I can't find this survey. I can find some ECB surveys about cash, but nothing that confirms this. The phrasing "up to" makes me suspicious, especially since the previous claim is already a misrepresentation.

Also note that buying a car is rarely anonymous as it is, because registration and/or insurance is usually mandatory. I don't think there are EU members where this is not the case?

[1]: https://economy-finance.ec.europa.eu/system/files/2017-07/st...

2 comments

I'm Irish, usually pretty clued in on things. But had no idea this was actually being put through. (I suspected it would be eventually) I would definitely be objecting.
Sure. And maybe a majority of EU citizens would object. But that survey doesn't prove anything of the sort, and therefore is not worth quoting, and it's a bad look that it is, because the way the article phrased it now is misleading. Let's be real: 28,784 people objecting to a law in an online survey is a failed protest. A spectacular failure. Such a failure that I would not have cited it at all. Calling this "a great public outcry" is such a misrepresentation that I find it hard to not just call it a brazen lie.

And it also means I can't really trust this person, because if he's misrepresenting this, then what else is he misrepresenting? ---

For what it's worth, personally I don't really object to reasonably limits but feel this should be up to the member states and not the EU, so I would object to this EU law.

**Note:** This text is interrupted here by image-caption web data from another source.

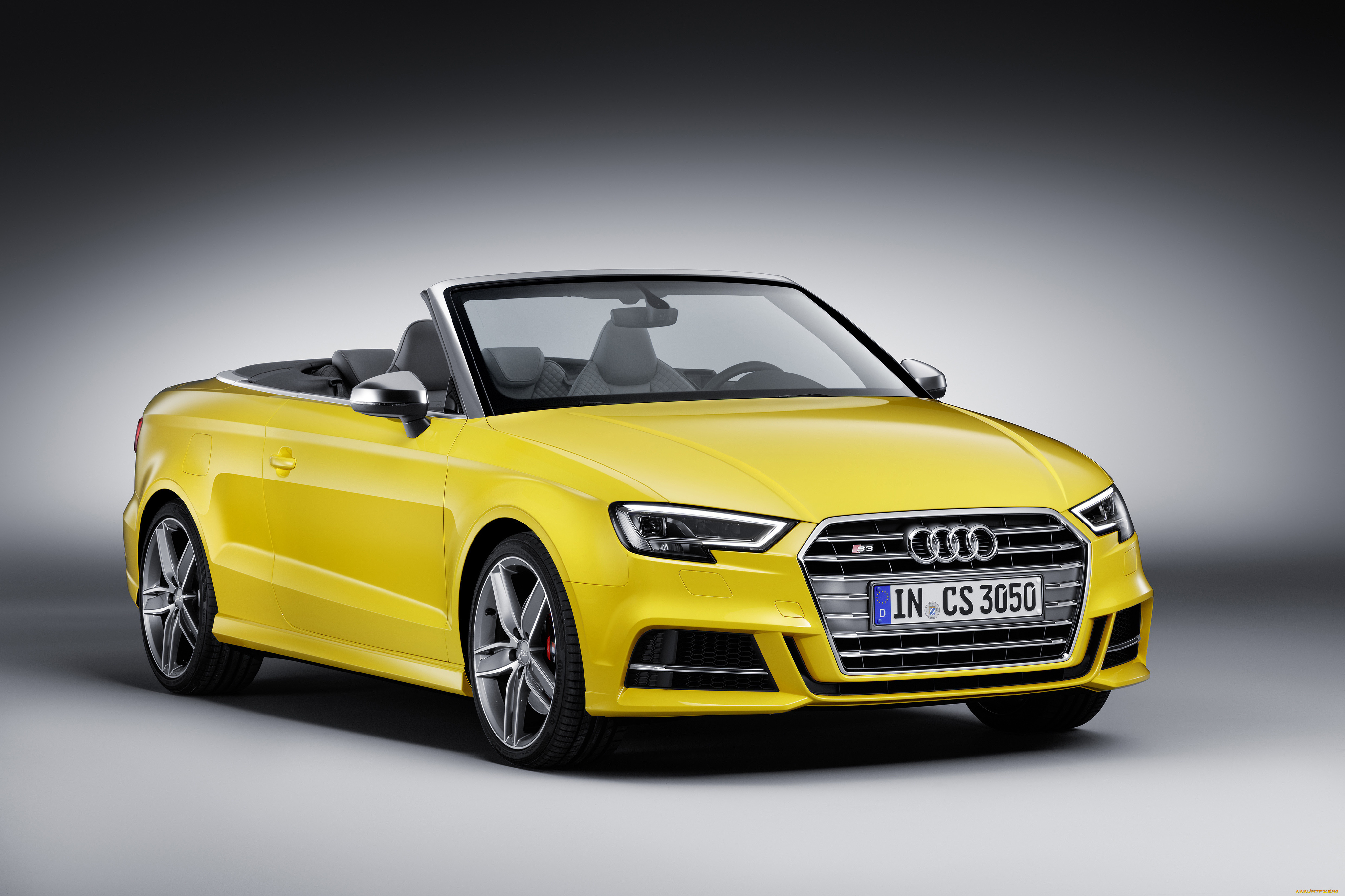 автомобили, audi, 2016, г, cabriolet, 8v, s3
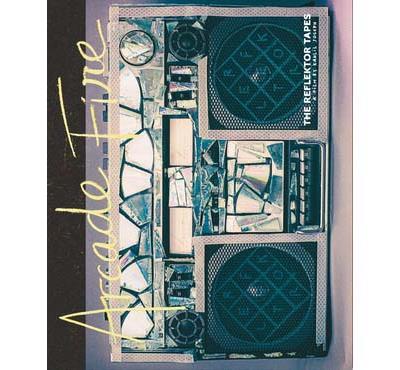 The Reflektor Tapes Digipack Slipcase Blu-ray État correct - 13,49 € The Reflektor Tapes Digipack Slipcase Blu-ray État correct reconditionné disponible sur Fnac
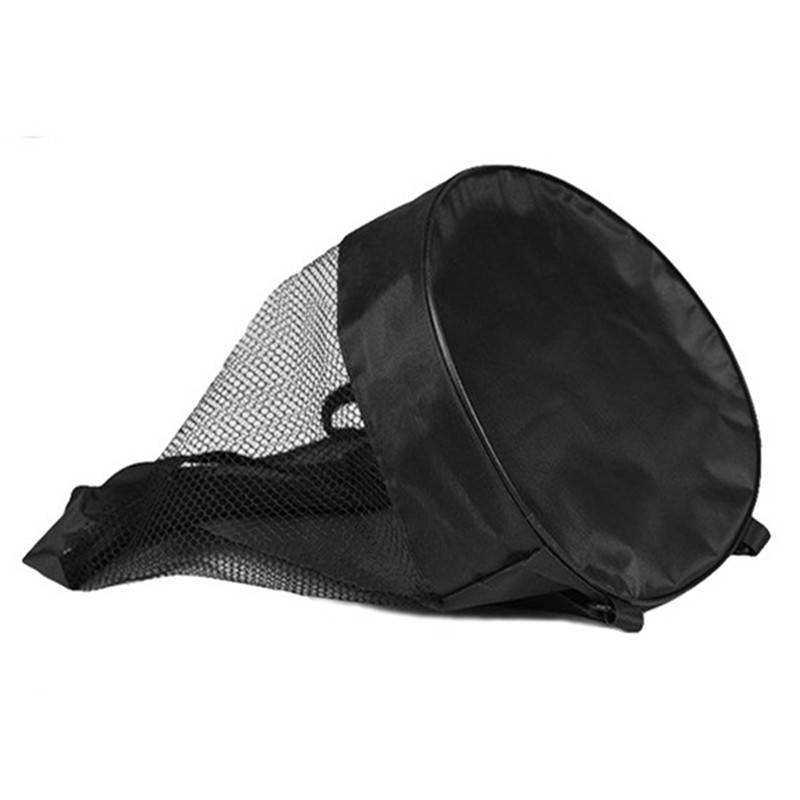 Τσάντες ώμου σακίδιο μπάσκετ Τσάντα αποθήκευσης ποδοσφαίρου βόλεϊ Αθλητικό εξωτερικό σακίδιο πλάτης Φορητό δικτυωτό τσαντάκι μπάλες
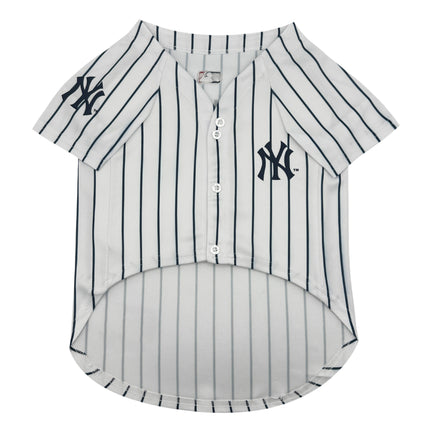 Anthony Volpe Pet Jersey (Yan)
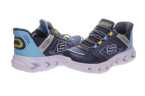 DEPORTIVO NIÑO SKECHERSMETIDO CON LUCES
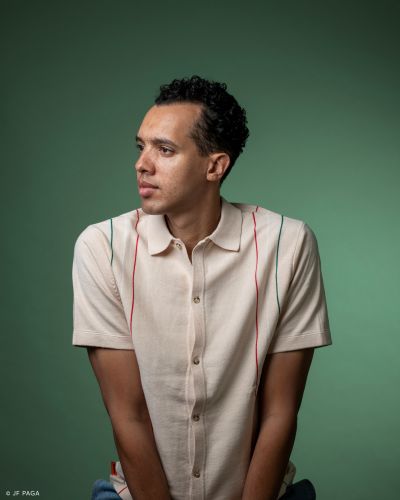 Gaël Faye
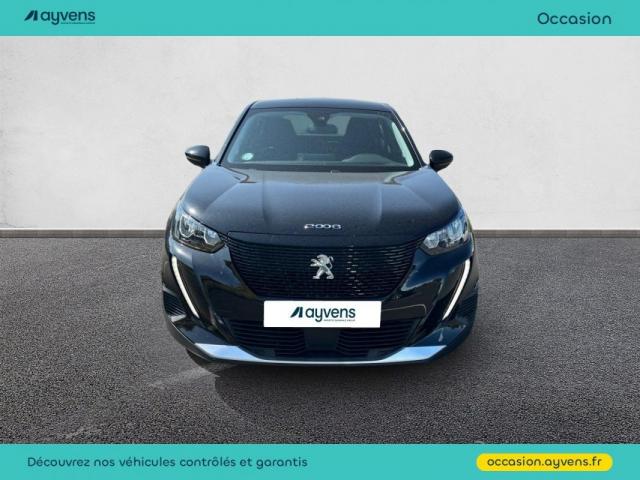 Peugeot 2008 image 1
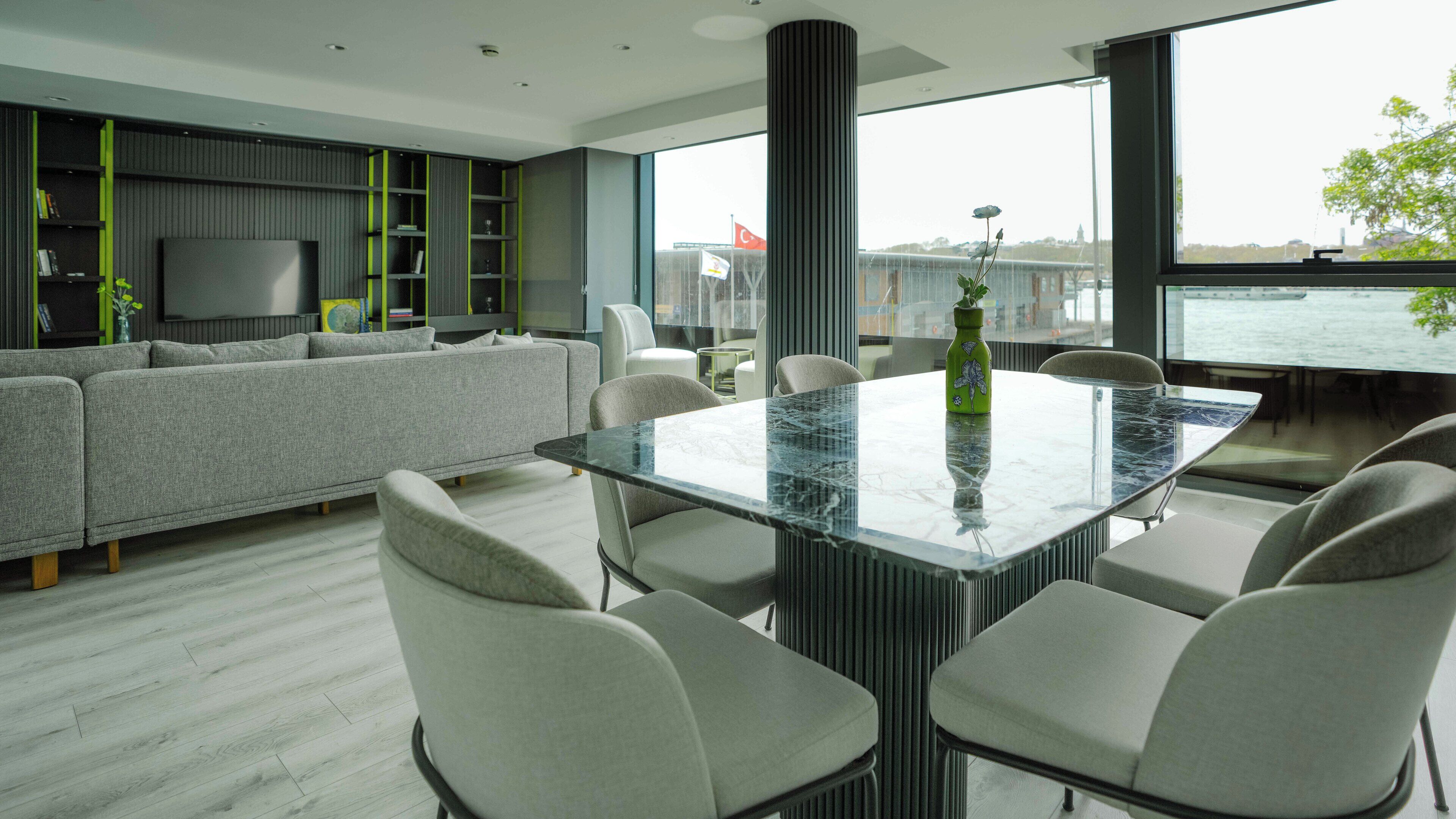 DeCamondo Residence Karaköy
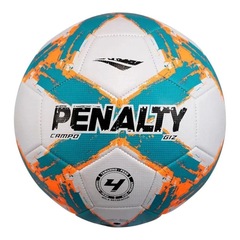 Bola de Futebol de Campo Penalty Giz XXV N4 - Foto 1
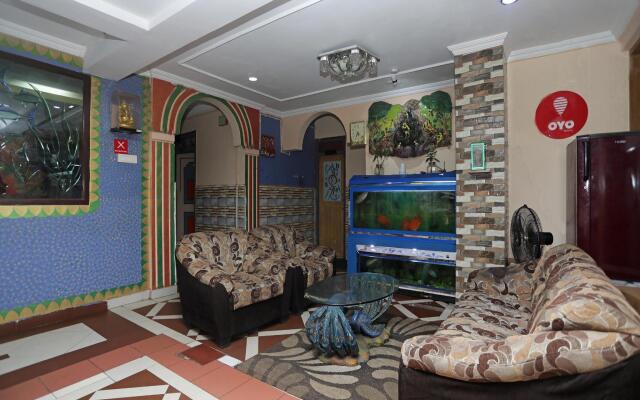Hotel Ashraya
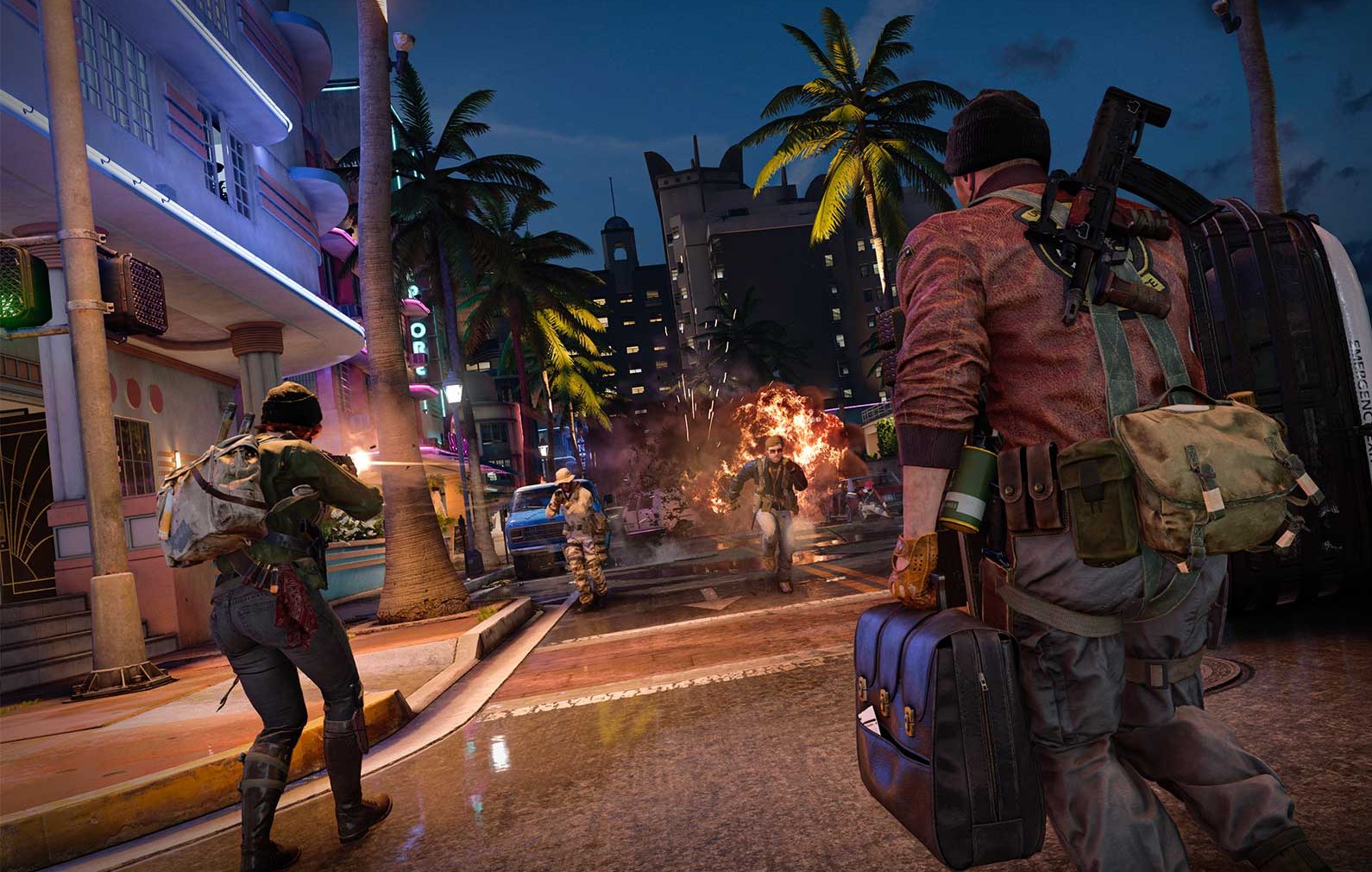 ‘Call Of Duty: Black Ops Cold War’ mid-season update contents revealed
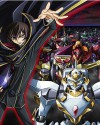 Code Geass: Lelouch of the Rebellion, Vol. 8 - Ichirou Ohkouchi, Goro Taniguichi, Majiko!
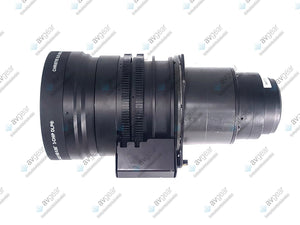 Christie 104-115101-XX ILS 4.5-7.5:1 SX+ / 4.1-6.9:1 HD 0.95" 3-CHIP DLP Projector Lens in Hard Carrying Case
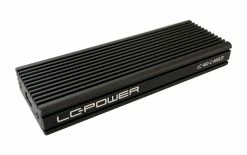 LC-Power Boîtier Externe LC-M2-C-MULTI M2 - Disques Durs Externes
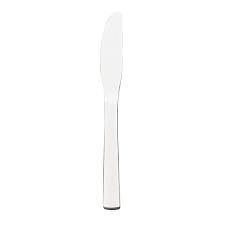 Win2 Dinner Knife - 12/BOX - SOLD BY BOX - (1) (53811)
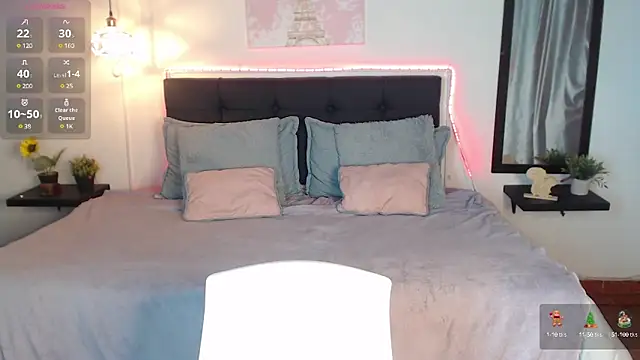 Brown Pearl online show from 4, 12, 2024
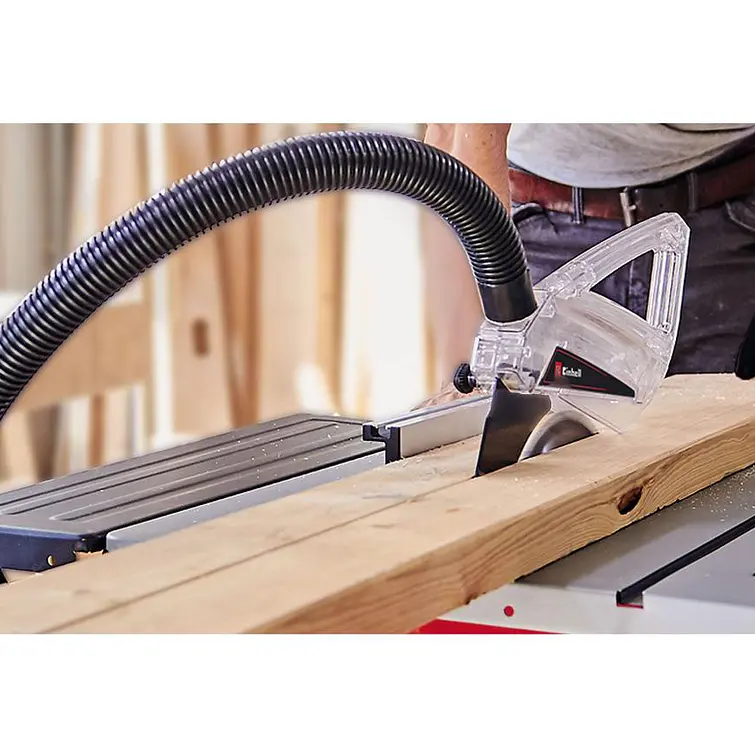 Disco Sierra Einhell 7 1/4” - 60D 2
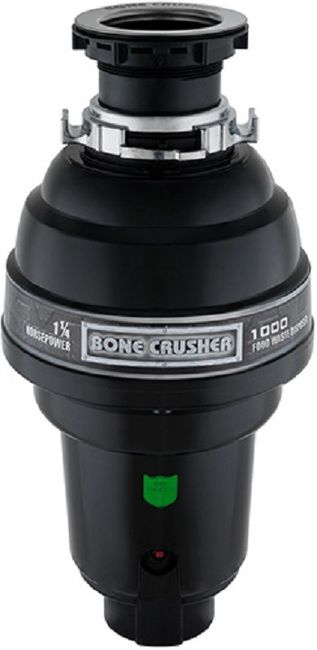 

Измельчитель пищевых отходов Bone Crusher BC-1000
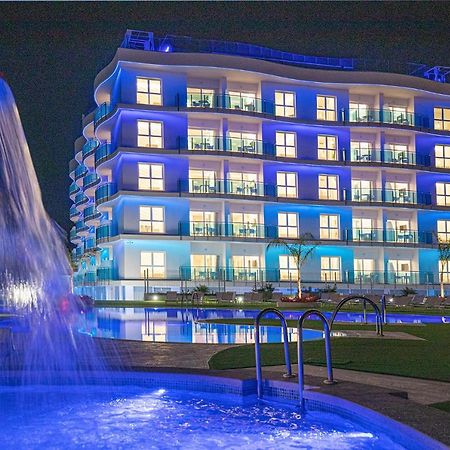 Alcossebre Sea Experience Aparthotel Exterior photo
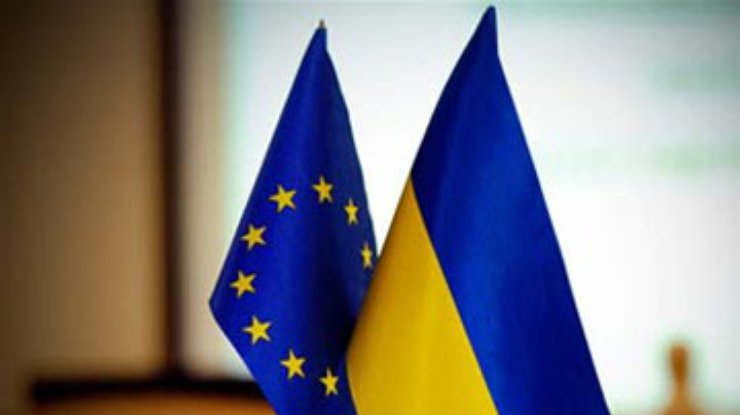 СМИ: Украина и ЕС согласовали дату парафирования соглашения об ассоциации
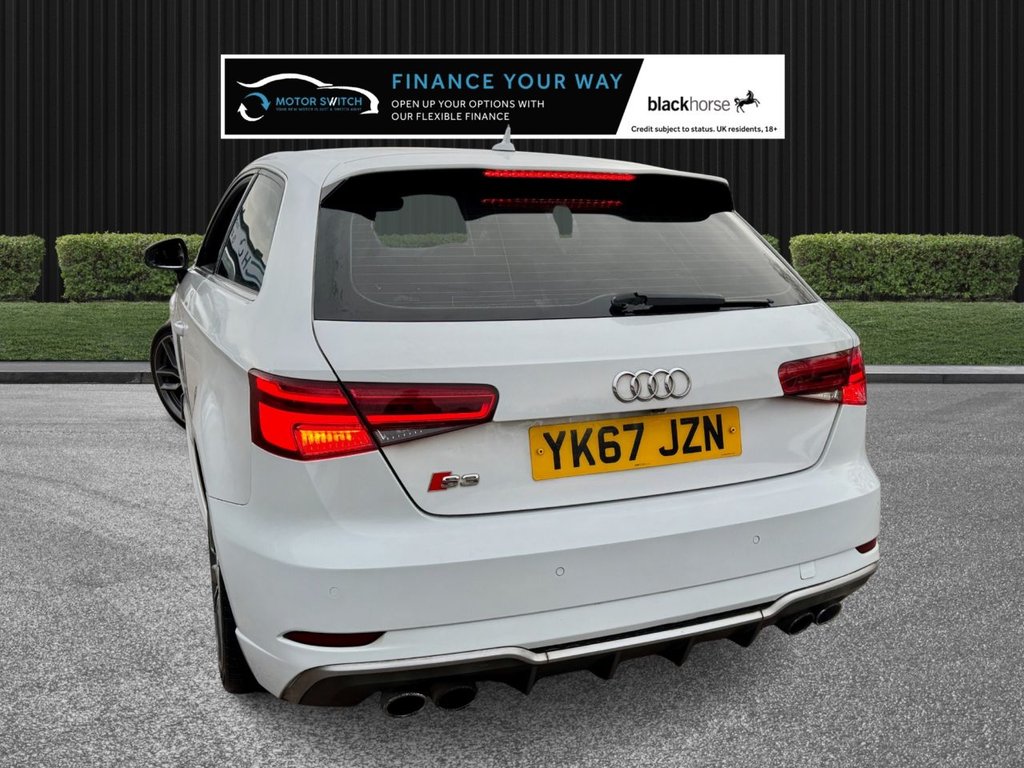 Used Audi A3 2017 for sale - 76841544: Photo 13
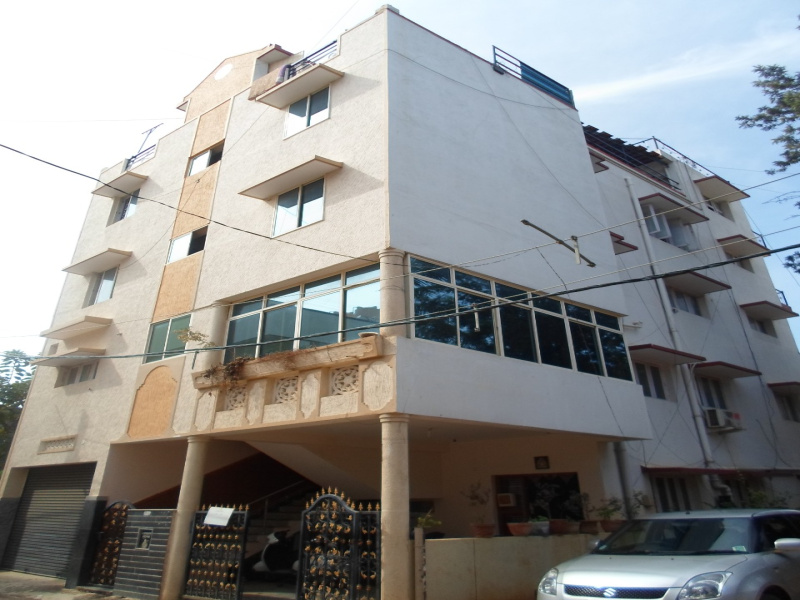 3 BHK House 1400 Sq.ft. for Sale in JP Nagar 7th Phase, Bangalore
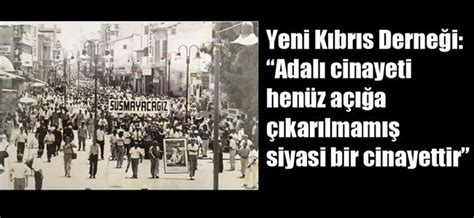 Kutlu adalı'nın öldürülmesi toplumda öfke kadar korku da yaratmıştı. KUTLU ADALIYI ANIYORUZ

Ireland already has the requirement for a check for cash payments over €10k for example. That seems fine to me.

When it comes to laws details matter, as the recent Irish referenda showed. Not many people really objected to the general idea of the thing, but they did against the specifics. The specifics for what makes sense can differ per member state, and opinions differ quite a lot by member state as well. What makes sense in Germany may not make sense in Bulgaria.

National threshold can be lower. France has banned cash payments over 1000 EUR.